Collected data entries
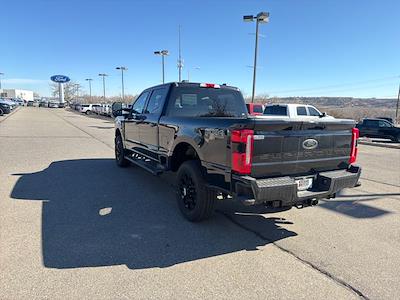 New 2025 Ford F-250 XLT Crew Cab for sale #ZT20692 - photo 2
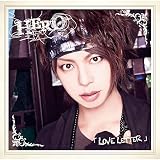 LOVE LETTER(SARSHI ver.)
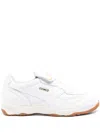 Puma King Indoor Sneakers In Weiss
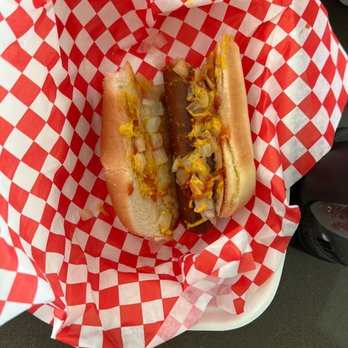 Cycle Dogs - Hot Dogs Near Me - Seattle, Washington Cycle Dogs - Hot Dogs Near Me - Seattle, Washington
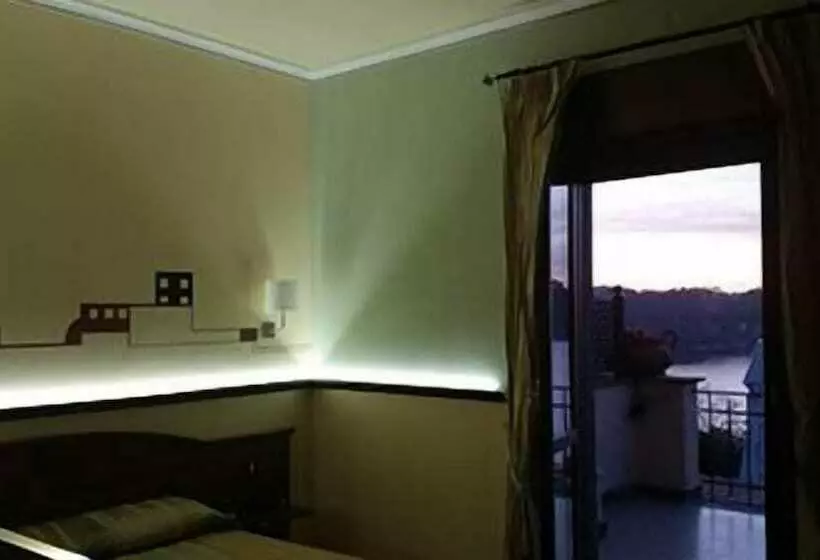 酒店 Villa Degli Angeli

- [Exercise prompt]
Reproduce the records verbatim, omitting all images they contain.

- [Answer space]
 New 2025 Ford F-250 XLT Crew Cab for sale #ZT20692 - photo 2
 LOVE LETTER(SARSHI ver.)
 Puma King Indoor Sneakers In Weiss
 Cycle Dogs - Hot Dogs Near Me - Seattle, Washington Cycle Dogs - Hot Dogs Near Me - Seattle, Washington
 酒店 Villa Degli Angeli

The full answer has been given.